# 2005 Sentra Rough Idle



## abuttino (Aug 6, 2014)

Hey guys, 

My gf has quite the rough idle in her 05 Sentra with the 1.6L or whatever the smaller engine is for that year..

What I've done so far:
Cleaned MAF sensor with CRC MAF sensor cleaner
New NGK spark plugs
1/2 bottle of Seafoam in full tank of gas.

Things I'm pondering doing next:
Idle learning
PCV Valve (cannot find a single picture of where it is located anywhere)
EGR Valve (same story with the pictures)
Clean the throttle body.

Anything you all would suggest I do? Any order to this?

The car is ONLY rough at idle in gear. The acceleration is horrible but I'm not sure how much acceleration an engine that small is supposed to have. It certainly can't push you into the back of your seat when it is floored.

There really are no problems other than the rough idle when in gear. We constantly have to take it out of gear when sitting at traffic lights. Air conditioning running or not, it still has this problem.

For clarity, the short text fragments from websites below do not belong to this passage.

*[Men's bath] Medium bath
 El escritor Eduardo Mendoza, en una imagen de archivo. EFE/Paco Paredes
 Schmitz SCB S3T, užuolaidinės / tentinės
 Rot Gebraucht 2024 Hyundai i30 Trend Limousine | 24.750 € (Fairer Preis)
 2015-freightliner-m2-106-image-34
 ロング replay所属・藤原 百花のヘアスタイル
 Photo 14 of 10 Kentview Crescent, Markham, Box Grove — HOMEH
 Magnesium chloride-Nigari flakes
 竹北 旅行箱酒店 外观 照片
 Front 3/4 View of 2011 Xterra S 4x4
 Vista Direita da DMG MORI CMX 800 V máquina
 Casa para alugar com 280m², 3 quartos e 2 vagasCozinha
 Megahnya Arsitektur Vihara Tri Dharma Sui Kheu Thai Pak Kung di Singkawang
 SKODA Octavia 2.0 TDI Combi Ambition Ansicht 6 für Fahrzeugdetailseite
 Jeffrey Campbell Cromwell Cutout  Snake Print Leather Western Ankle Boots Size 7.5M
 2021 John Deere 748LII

Fuel economy ranges from 15 to 17 mpg. This seems incredibly low, my Jeep Cherokee had these kind of numbers


----------



## SPEEDO (Jun 9, 2003)

I would start with pulling any codes, could save you some $$$, 1st thought was cam/crank sensor, but try pulling codes 1st


----------



## abuttino (Aug 6, 2014)

There hasn't ever been a code to pull. The Check Engine light has never illuminated for a malfunction, just the start sequence for testing.


If it had been bringing up a code, I would not have posted before checking that


----------



## OneHotV6 (Jun 9, 2004)

Bad fuel injector?


----------



## abuttino (Aug 6, 2014)

Don't you have to pull the intake off to get to those?


----------